Writing has been democratised for a long time. Now anyone has had the tools to craft any kind of publishing product for decades now from the comfort of their home. Some of the biggest musical acts in the world produce their albums from their bedroom, from start to finish. Filmmaking is still a big, complex commitment, but the industrial nature of it is not even remotely as necessary as it used to be.
And distribution, thanks to the web, has been completely revolutionised. Anybody can build a website with little money, set up a Patreon account to collect funding from fans, distribute regular updates on free social media platforms with massive potential audiences, and keep in touch with their closest fans with free newsletters.
These tools give way to new processes. In the above from Adam Conover’s YouTube channel with video essay phenom Natalie Wynn, when talking about the kind of editorial work Wynn does, they underline how her videos are a product of her work and interests, but also of the kind of toolset that YouTube offers her and the ways that she has found to adapt to it in a way that allows her to find an effective and inspiring workflow.
The Product is the Process, as they say, wisely.
What Winn and Conover talk about in their video is true for video making, but it’s also true for other enterprises. Music making today is an enterprise that can be completely run by the artists themselves; it’s hard work, and the major labels still have a leg up in promotion, but to be a working musician and exist as a completely independent entity is very much possible. Craftspeople, fashion designers and tailors can also produce and advertise the entire collection independently, and sell them online, and they do. The possibilities are massive.
The Friction against the processes (multi-player)
So even if going on your own has never been easier, that does not make it easy. Some issues:
The beauty of using current tools to find your unique way to work takes a great amount of iteration. It takes self-awareness, testing what works and what doesn’t. This can take years.

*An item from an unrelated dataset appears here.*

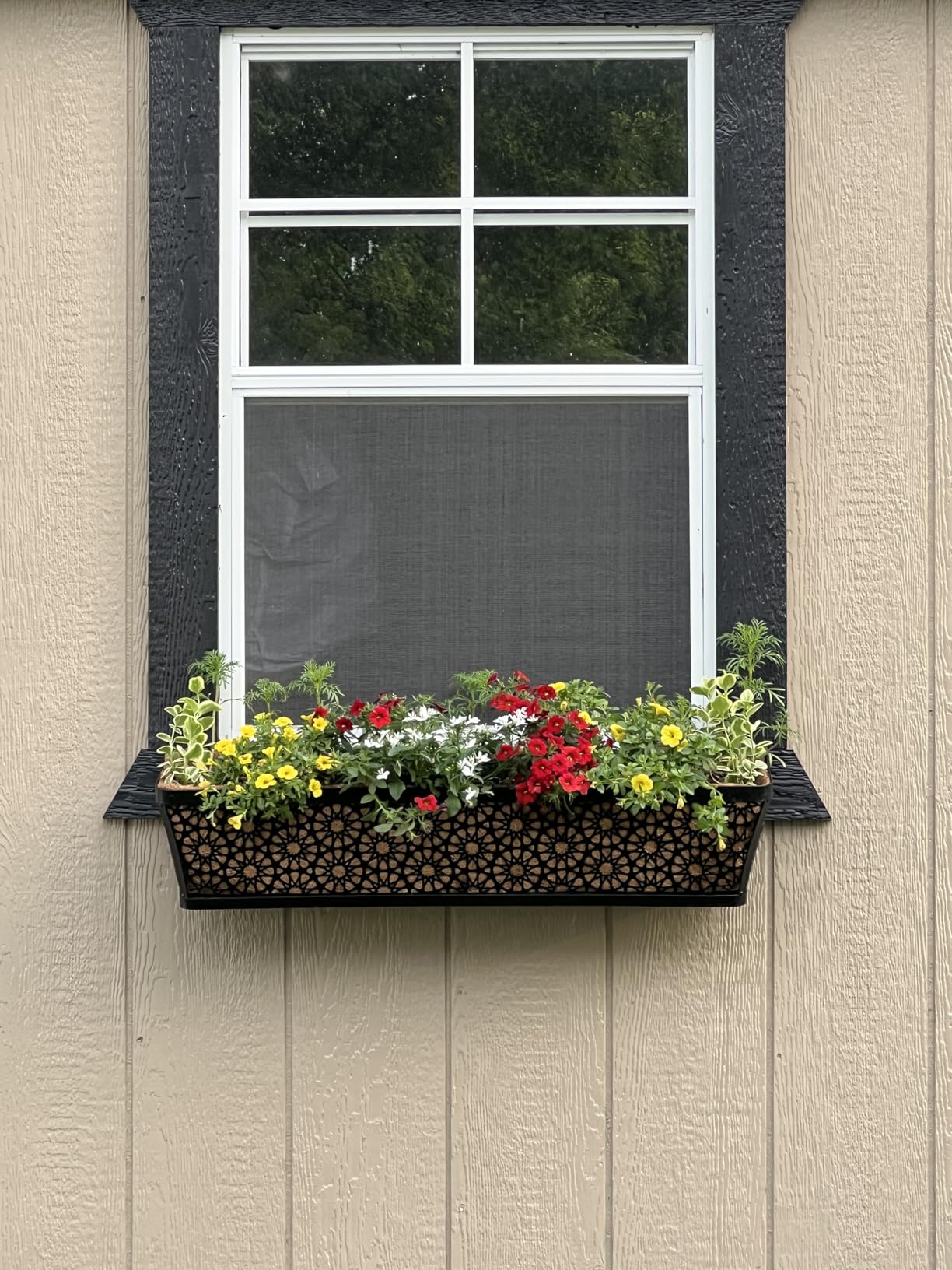 Halatool Railing Deck Balcony Planter Window Boxes, 2 Pack 30 Inch Metal Heavy Duty Planter Boxes with Coco Liner for Windowsill Fence Porch Patio Lawn Outdoor customer photo 1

This is tricky, yet beautiful. Tricky because we spend our formative years learning in institutions that, in the great majority of cases, just don’t even try to give us the kind of tools that are required to figure out our workflow. Schools teach us to complete tasks and follow guidelines, rules and orders, but unless you’re lucky enough to have spent time in a Montessori school or a similar structure, you might have been actively discouraged from finding your path, your process. It takes quite a lot of strength and determination to embark on a path this unclear and open ended.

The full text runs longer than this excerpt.